The former secretary of state and likely 2016 presidential contender argued for the importance of women leading peace negotiations, and cited an example of such a conflict-resolution effort.
Clinton said hopes to end a long insurgency by the Muslim separatists in the Philippines had looked slim until “two strong women” took over the negotiations, “made inclusivity their mantra,” and helped to broker a peace deal.
“This is what we call smart power,” she continued, “using every possible tool and partner to advance peace and security, leaving no-one on the sidelines, showing respect, even for one’s enemies, trying to understand and – insofar as psychologically possible – empathize with their perspective and point of view, helping to define the problems, determine the solutions.
“That is what we believe in the 21st century will change, change the prospects for peace.”
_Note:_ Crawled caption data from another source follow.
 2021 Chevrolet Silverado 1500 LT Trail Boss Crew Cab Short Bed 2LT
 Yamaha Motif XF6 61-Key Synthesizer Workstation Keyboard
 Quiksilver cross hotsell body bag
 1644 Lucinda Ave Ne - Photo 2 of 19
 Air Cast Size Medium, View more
Clinton was referring to a peace agreement signed last January between the government of the predominantly Catholic nation and the Moro Islamic Liberation Front (MILF), an Islamist group whose four-decade violent campaign cost more than 120,000 lives, and displaced some two million people.
During more than a decade of intermittent peace talks, MILF fighters periodically violated ceasefires, carrying out bombings and attacking Christian-majority towns.
In one March 2003 airport bombing, an American Christian missionary was among the 22 people killed. The MILF denied responsibility, although authorities accused an MILF member who was killed in the blast of having carried the bomb.
The same month, MILF gunmen armed with rocket-propelled grenades killed five people, including a six-year-old child, in a dawn attack on a Christian town called M’Lang. Elsewhere in the same area, Christian passengers on a bus stopped by MILF gunmen were singled out for their inability to speak the local Muslim dialect. Police said six of them were shot dead.
More than five years later, similar attacks were still taking place, with Christians being shot and hacked to death.
Although the MILF long predated groups like al-Qaeda, it was accused of collaborating with the terror network. In 1999, then-MILF leader Hashim Salamat (who died of a heart attack in 2003) told media his group had received funds from Osama bin Laden, and used them to build mosques, health centers and schools.
(In a 1999 biography of bin Laden, Yossef Bodansky of the U.S. Congress’ task force on terrorism and unconventional warfare wrote that the terrorist chief in the 1990s had bought property, opened bank accounts and set up charities in the Philippines, suspected to have been used to channel funds to terrorists.)
In 2003, then U.S. Ambassador Francis Ricciardone warned the MILF to stop collaborating with the al-Qaeda-linked Jemaah Islamiah (JI), the radical group behind the Bali bombings, or risk being designated a foreign terrorist organization.